0

I have been trying to test my complex CSR matrix vector code on a system with 2 CPU having 6 core each. I surprisingly get almost the same timing for 1, 2, 4, 6 or 12 threads. It works and I can see that the corresponding threads are alive during the multiplication but no speed up what so ever. I don't understand if I have done some mistake or just that the problem at hand cannot be scaled.

void spmv_csr(int num_rows, const int* rowPtrs, const int* colIdxs, const double complex* values,  const double complex* x, double complex* y)
{
  double complex rowSum;
  int i, j, row_start, row_end;
  clock_t begin, end;
  begin = clock();
  #pragma omp parallel for private(j, i, row_start, row_end) reduction(+:rowSum)
  for(i = 0; i < num_rows; i++)
  {
    rowSum = 0.00 + 0.00 *I;
    row_start = rowPtrs[i]-1;
    row_end = rowPtrs[i+1]-1;
    for (j=row_start; j<row_end; j++)
    {
        rowSum += ((creal(values[j]) * creal(x[colIdxs[j]-1])) - (cimag(values[j]) *  cimag(x[colIdxs[j]-1]))) + (((creal(values[j]) * cimag(x[colIdxs[j]-1])) +  (cimag(values[j]) * creal(x[colIdxs[j]-1]))) * I);
    }
    y[offset+i] = rowSum;
  }
  end = clock();
  printf("Time Elapsed: %f seconds\n", (double)(end - begin)/CLOCKS_PER_SEC);

}

I get around 0.38 sec for run with 1, 2, 4, 6, 8, 12 threads, I don't understand why I am not even seeing 10% speedup.

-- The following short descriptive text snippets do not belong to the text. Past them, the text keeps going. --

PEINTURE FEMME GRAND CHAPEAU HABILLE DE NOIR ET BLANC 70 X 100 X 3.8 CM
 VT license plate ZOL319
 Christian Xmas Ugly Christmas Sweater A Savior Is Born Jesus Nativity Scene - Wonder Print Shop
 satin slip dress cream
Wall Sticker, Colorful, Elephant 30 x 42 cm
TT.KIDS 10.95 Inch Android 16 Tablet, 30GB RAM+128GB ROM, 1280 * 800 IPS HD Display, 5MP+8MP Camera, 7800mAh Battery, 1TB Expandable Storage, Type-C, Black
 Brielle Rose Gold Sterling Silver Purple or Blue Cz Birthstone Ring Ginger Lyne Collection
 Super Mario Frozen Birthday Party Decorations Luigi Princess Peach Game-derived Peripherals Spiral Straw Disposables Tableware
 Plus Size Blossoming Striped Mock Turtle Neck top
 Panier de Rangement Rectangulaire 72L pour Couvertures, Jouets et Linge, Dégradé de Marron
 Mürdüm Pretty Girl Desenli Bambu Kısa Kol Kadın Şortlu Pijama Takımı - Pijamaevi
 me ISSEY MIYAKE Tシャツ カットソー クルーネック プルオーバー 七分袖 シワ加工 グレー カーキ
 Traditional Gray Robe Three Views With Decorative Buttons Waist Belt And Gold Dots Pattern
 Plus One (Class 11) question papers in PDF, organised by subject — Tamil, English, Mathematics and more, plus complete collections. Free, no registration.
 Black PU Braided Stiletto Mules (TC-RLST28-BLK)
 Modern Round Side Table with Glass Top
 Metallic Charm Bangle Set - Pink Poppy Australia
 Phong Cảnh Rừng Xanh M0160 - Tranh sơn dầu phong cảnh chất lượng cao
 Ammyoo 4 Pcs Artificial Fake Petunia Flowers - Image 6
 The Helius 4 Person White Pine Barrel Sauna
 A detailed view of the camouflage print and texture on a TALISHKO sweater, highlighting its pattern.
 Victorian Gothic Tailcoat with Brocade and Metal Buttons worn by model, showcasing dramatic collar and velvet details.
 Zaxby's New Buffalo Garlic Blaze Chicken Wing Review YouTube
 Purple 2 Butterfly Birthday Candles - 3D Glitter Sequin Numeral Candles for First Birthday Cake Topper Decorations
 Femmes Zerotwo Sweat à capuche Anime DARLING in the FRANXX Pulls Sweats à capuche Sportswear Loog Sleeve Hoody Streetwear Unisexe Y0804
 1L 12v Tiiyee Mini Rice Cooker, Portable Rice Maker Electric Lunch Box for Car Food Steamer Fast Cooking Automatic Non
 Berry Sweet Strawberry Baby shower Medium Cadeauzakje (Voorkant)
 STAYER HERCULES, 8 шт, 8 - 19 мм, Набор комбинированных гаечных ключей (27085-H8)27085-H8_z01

Thanks for any inputs in advance.

Romasz
  • 29,662
  • 13
  • 79
  • 154
Waltee
  • 11
  • Are all threads running concurrently? I would call omp_get_num_threads() function to find out actually if the program is taking advantage of the multicore CPU. – Juniar Sep 26 '14 at 18:49
  • 1
    Possible duplicate of a recent question that is a duplicate of a question that is a duplicate of [an older question](http://stackoverflow.com/questions/10673732/openmp-time-and-clock-calculates-two-different-results) - don't use `clock()`. Also, your code is memory-bound and with big matrices performance won't scale. – Hristo Iliev Sep 26 '14 at 18:52
  • @Hristo Iliev Possible, but it was asked by a different User. However you might have to redirect him, to find out if that is what he is asking. – Juniar Sep 26 '14 at 18:59
  • Hi Juniar and Hristo, Thanks for your reply. Yes all the threads are alive at the same time. I did get_num_threads as well as i can see in top -H when the multiplication is being done. I will use omp time and see if i get the performance I am looking for. will keep u posted. Thanks once again. – Waltee Sep 26 '14 at 19:47
  • 1
    Hi Guys, I tried your suggestions and timed using omp_get_wtime(). Still its the same doesn't seem to scale at all. I also made sure once more that the threads are alive. Not sure if something is blocking it or my mix language programming FORTRAN/C is causing a mess while linking. Thanks a lot for your inputs. ~Walter – Waltee Sep 27 '14 at 13:23

1 Answers1

1

It looks like the reduction variable rowSum is becoming a point of serialization. Since rowSum isn't only accumulated as a total but also read from (y[offset+i] = rowSum;) it will have to be serialized.

If you intend for rowSum to be across only a single row, I would remove the reduction and make it private. I would change the pragma to:

#pragma omp parallel for private(j, i, row_start, row_end, rowSum)

If you intend for rowSum to be a total across all rows, I would use my above suggestion to get parallelism, and then use a prefix-sum to modify y afterwards to get the correct totals.

user2548418
  • 1,531
  • 10
  • 17